All across the horizon in an unvarying arc marched the squat gloomy bulks of the accumulator stations, waiting insatiably for the energy to quench their bottomless thirst. Now they were giving of their stored wealth, providing the sustenance for a night’s squandering. Lord angled his downward plunge to miss the stacked solar mirrors on the hotel’s roof and hoped that tomorrow would be fine: the city’s power supply was down to danger level and if storm clouds banked heavily tomorrow it might cost more in weather control than would be got out of the sun when it reluctantly appeared.

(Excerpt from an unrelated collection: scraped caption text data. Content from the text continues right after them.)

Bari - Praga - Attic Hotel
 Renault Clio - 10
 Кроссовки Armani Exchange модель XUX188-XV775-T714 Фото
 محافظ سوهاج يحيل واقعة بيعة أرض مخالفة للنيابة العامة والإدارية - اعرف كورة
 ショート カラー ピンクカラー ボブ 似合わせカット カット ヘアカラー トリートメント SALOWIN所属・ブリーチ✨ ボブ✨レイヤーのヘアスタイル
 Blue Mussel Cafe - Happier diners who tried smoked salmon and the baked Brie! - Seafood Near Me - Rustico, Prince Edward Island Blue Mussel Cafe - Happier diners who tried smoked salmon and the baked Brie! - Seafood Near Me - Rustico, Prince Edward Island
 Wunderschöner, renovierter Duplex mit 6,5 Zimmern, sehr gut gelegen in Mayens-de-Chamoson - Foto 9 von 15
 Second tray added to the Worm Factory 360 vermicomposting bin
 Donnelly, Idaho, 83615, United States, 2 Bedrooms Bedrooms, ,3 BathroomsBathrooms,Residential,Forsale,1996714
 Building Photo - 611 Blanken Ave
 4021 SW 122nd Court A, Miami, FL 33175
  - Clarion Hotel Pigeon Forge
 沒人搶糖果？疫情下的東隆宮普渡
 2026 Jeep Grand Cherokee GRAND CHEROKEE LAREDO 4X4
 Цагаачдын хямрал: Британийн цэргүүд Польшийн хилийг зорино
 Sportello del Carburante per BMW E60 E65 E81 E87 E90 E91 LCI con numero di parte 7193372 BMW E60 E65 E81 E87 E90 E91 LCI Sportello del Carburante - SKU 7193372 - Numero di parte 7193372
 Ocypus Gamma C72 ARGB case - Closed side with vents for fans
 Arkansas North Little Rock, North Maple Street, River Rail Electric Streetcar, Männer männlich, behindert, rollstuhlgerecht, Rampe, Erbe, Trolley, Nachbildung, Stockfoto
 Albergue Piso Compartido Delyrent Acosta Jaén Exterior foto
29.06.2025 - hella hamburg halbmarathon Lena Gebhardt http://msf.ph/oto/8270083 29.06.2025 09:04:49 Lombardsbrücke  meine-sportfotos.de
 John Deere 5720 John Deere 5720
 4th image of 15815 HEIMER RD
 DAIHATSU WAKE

His feet hit the wooden roof with a jolt. Damn porage wasn’t spreading evenly yet: his reflexes were still slightly out of skew. If Katy was here he’d find her. Gosheron permitting. Lord began to walk across the roof towards the attendants.
Get the old Terran hater drunk; that was the idea. Souse him, douse him, light and louse him. Lord smiled and flung his cape at the attendants. His fingers twitched. He needed a drink.